Friday, 3 January 2014
Don’t settle for a friend because it’s convenient, or because you know it will make them happy. Don’t say your heart’s in it when it’s not. It would be cruel to give them false hope, to make them think you’ll change your mind. Logically, you could, because on paper, it makes sense. You make sense together. You could grow to love them the way they want you to, but chances are you won’t.
Emotions and logic aren’t the same thing, and they never could be. And they’ll still hope that things may be different, that you’ll feel differently about them in time, but you both know that isn’t going to happen. You know they deserve more than your resignation, and they’ll think that you shouldn’t have to settle for them, because friends don’t like to see their friends settle. And you’ll both know you agree.
There are always going to be those people we keep around because it’s convenient for us. Because it’s easy to put them on the back burner, to place them within arm’s reach, because we know they’ll stay there and be content with at least the hope that maybe one day, we can get a little closer, as long as they stick it out and pay their dues. There are always the people who we think would make a decent worst-case scenario, and who are reassured by the idea that even though they’re our safety net, we’re their first choice. There is comfort in ego and in knowing you’re wanted. There’s a freedom in the knowledge that somebody will still be there, even after all is said and done.
They will want to reassure you, to comfort you, to be there. But instead of settling for them, you should let them go.
They deserve more than being your runner-up, though it wasn’t your intention to treat them poorly. They deserve someone who doesn’t want to lose them, who will go to the ends of the earth to keep them in their lives.
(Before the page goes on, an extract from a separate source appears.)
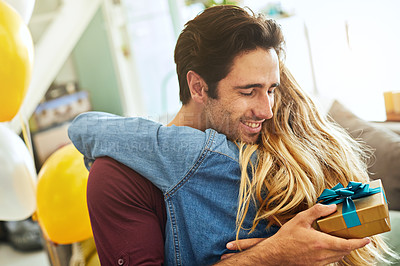 Buy stock photo Shot of a young couple exchanging gifts at home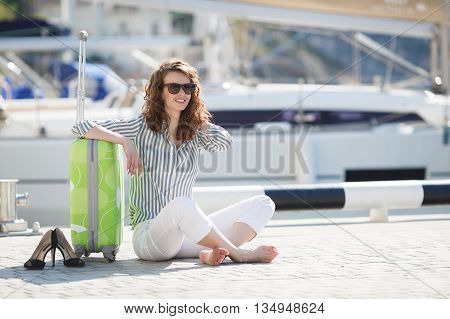 Cute young woman with gray eyes, curly red hair and a sweet smile, dressed in white trousers and a light shirt with stripes, sitting alone on the pier near the yacht club, with a light-green suitcase with wheels on a background of yachts and boats near th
We all deserve someone who thinks we’re the first choice—not just that we’re the best possible option or that there was no other choice, but that any other option didn’t even stand a fighting chance. But when you let someone settle for you, when you wait until they’re ready and they’ve decided and everything is on their terms, there’s always the nagging suspicion that maybe you’re still not quite everything they want. They will resent you for that suspicion. It’s better to let them go.
And you will miss them, of course, just like they’ll miss you. You will mourn, but there’s nothing wrong in that. And they will still check their phone for your texts at all the usual times, and you’ll force yourself to delete their number, and they’ll steer clear of your neighborhood, but still, you’ll each find a way to heal. They will wonder how they could have changed themselves for you. But if you had validated them, if you had let them become something they’re not for your love and for choosing them conditionally, they would have resented you anyway. And if you choose who someone is trying to be over who they really are, you will resent yourself, too.
It will take time, and you will wonder if you did something wrong, if it really wouldn’t have been settling after all. But no one wants to come in second place to the idea of who they are.
Don’t settle for someone because it’s easy, because they’ve come ready-made, because they already love you. There’s more to life than what’s simple and convenient and available. There’s struggling, striving, and holding onto the silly, inane, naive hope that maybe something perfect exists after all. And when you find something perfect, if you find someone perfect, they won’t be an ideal, of course, because no one is without their flaws. But there is bound to be someone who will be right for you in that moment. They will be what you’re looking for.
Don’t settle for someone just because it’s time you made a choice, and they just happened to be there the whole time. A person’s heart isn’t a consolation prize. Don’t settle for them because they’ve been there all along. No one deserves secondhand love.